● **Exercise details**:
Beginning at the line that contains "making memories together!", reproduce the entries below exactly, ending with the line that contains "Load image into". Omit each picture.

● **Data shown**:
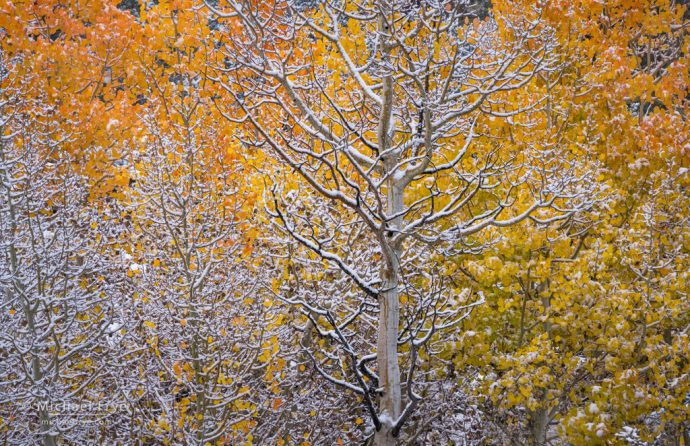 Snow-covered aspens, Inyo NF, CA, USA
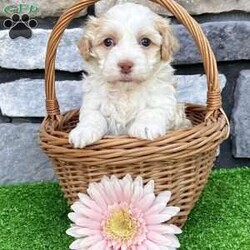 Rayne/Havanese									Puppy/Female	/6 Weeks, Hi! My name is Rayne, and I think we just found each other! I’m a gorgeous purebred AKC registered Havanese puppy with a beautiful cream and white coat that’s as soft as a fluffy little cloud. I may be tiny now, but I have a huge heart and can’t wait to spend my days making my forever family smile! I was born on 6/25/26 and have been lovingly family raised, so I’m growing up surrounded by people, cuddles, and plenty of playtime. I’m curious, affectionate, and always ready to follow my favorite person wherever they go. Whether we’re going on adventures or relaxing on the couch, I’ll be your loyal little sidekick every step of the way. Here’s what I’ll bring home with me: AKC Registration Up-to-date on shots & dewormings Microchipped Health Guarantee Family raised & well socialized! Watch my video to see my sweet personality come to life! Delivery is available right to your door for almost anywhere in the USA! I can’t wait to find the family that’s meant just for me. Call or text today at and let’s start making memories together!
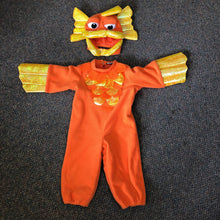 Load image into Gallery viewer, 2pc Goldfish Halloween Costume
--
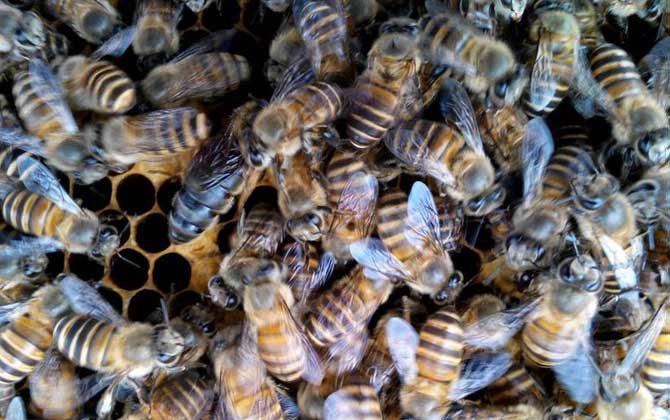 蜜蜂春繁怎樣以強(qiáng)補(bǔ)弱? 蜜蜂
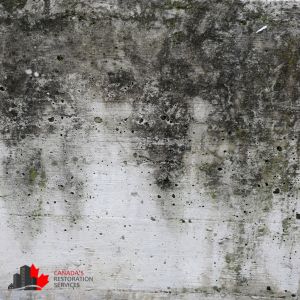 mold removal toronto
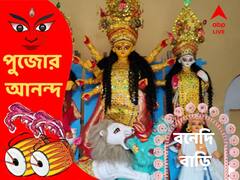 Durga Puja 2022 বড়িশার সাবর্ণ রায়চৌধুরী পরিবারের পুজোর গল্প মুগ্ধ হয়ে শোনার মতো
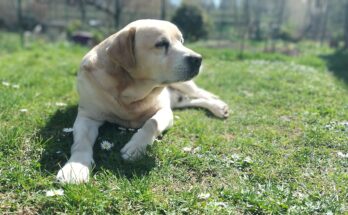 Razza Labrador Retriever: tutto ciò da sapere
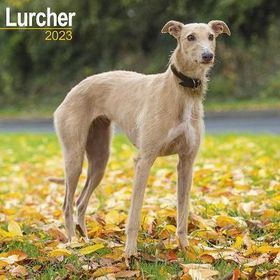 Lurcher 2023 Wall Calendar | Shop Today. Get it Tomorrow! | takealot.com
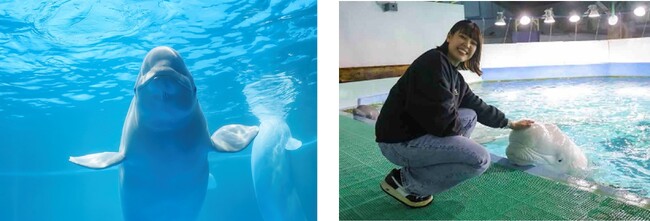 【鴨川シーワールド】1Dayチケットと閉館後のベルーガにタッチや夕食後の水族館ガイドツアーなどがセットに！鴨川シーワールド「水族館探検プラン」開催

● **Solution to this task**:
 Rayne/Havanese									Puppy/Female	/6 Weeks, Hi! My name is Rayne, and I think we just found each other! I’m a gorgeous purebred AKC registered Havanese puppy with a beautiful cream and white coat that’s as soft as a fluffy little cloud. I may be tiny now, but I have a huge heart and can’t wait to spend my days making my forever family smile! I was born on 6/25/26 and have been lovingly family raised, so I’m growing up surrounded by people, cuddles, and plenty of playtime. I’m curious, affectionate, and always ready to follow my favorite person wherever they go. Whether we’re going on adventures or relaxing on the couch, I’ll be your loyal little sidekick every step of the way. Here’s what I’ll bring home with me: AKC Registration Up-to-date on shots & dewormings Microchipped Health Guarantee Family raised & well socialized! Watch my video to see my sweet personality come to life! Delivery is available right to your door for almost anywhere in the USA! I can’t wait to find the family that’s meant just for me. Call or text today at and let’s start making memories together!
 Load image into Gallery viewer, 2pc Goldfish Halloween Costume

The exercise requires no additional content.